AK Parti'yi kapatma davası üzerine konuşan ve yazanlardan kapatmaya karşı gibi görünen, demokrasiden ve hukuk devletinden yana olanlarda şöyle bir çelişki görüyorum: "Bir yandan parti kapatmak olmaz, demokrasilerde partiyi, oylarıyla halk kapatır" diyorlar, bir yandan da "Ama bu parti, ikinci iktidar döneminde AB'ye giriş sürecini aksattı, reformları yapmadı veya sürüncemede bıraktı, İslamcı kökenine dönerek başörtüsü yasağını kaldırma, alkölü yasaklama gibi üzerine şüphe çeken girişimlerde bulundu " diyorlar.
Karşımızda, şiddete başvurmamış bir partiyi kapatma davası gibi demokrasiye aykırı bir dava var iken kalkıp da "Parti kapatmak demokrasilerde olmaz, ama bu parti de yanlış yaptı, kapatılsa da olur" demeye varan ifadeler kullanmak başkalarına yakışır ama demokrat ve liberal olanlara yakışmaz.
Eğer AB' nin istediklerini yapmadı, işi sürüncemede bıraktı diye parti kapatmak gerekseydi şimdiye kadar birçok parti kapatılırdı. Mevcut ve ölmüş partiler içinde AB'ye en fazla asılan ve bu amaçla en fazla reform yapan parti AK Parti'dir.
AB'ye girmek için gerekeni yapmak, bunun dışında hiçbir şey yapmamayı veya başka icraatı gevşetmeyi gerektirmez. Devletin binbir işi vardır, bunlar belli bir düzen içinde birlikte yürütülür.
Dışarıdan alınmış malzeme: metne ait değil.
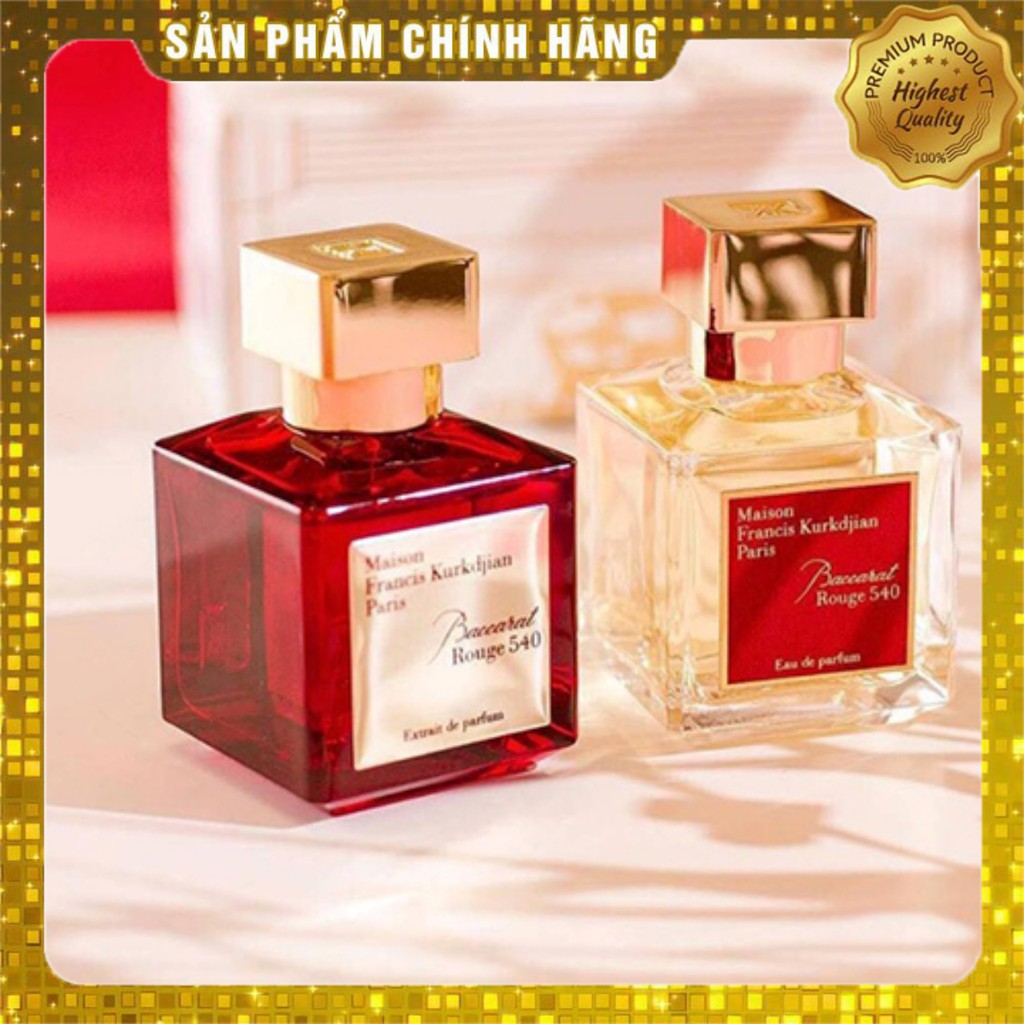 [Nước hoa Unisex 10ml] MFK Baccarat Rouge 540 EDP mẫu thử 2ml - 10ml (Hương hoa cỏ phương đông) | BigBuy360 - bigbuy360.vn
Dindar kesimin kırk yıla yakındır önemseyerek üzerinde durduğu, oy verirken halledilmesine de oy verdiği problemleri var; bunlardan biri de başörtüsü yasağıdır. Ülkemizde büyük çapta alkollü içki tüketimi vardır. Çok az istisna dışında her yerde tonlarca içki tüketiliyor, içki servisi yapılıyor. Barış ve huzur içinde birlikte yaşamanın araçlarından biri de mümkün olduğu ölçüde farklı kesimlerin hak ve özgürlüklerini kullanmalarını sağlamaktır. Bu konuda sınır, başkalarının hak ve özgürlüklerine zarar vermektir. Bütün deniz kıyıları yarı çıplaklar için serbest, çok az kıyıda da örtülüler ve yalnızca bayanlar yüzse ne olur? Birçok yerde alkollü içki servisi yapılıyor, Müslümanlar içki içilen yerde bulunur, aynı masada otururlarsa günah işlediklerine inanır ve bundan rahatsız olurlar. Bu sebeple bazı yerlerde de içki servisi yapılmasa ne olur?
Gelelim bunların şeriat devleti kurma ve rejim değiştirme niyeti ile alakasına.
Devlet bazı kuruluşlarında alkollü içki imal ediyor, resmi toplantılarda kadehler kalkıyor, her yerde içki satılıyor ve bunlardan vergi alınıyor. Şeriat bazı yerlerde içki servisi yapmamak değil, bütün bunları yapmamaktır.
Orta öğretimde ve devlet dairelerinde başörtüsü yasak, hükumet bunlardan söz bile etmiyor, yalnızca üniversitelerde başörtüsü serbest olsun diyor; bununla şeriat gelmez, bu olsa bile müminleri tatmin etmez. Örtünen bir hanım, yalnızca okulda değil, başka yerlerde de örtünmek ister, açılmanın haram olduğuna inanır.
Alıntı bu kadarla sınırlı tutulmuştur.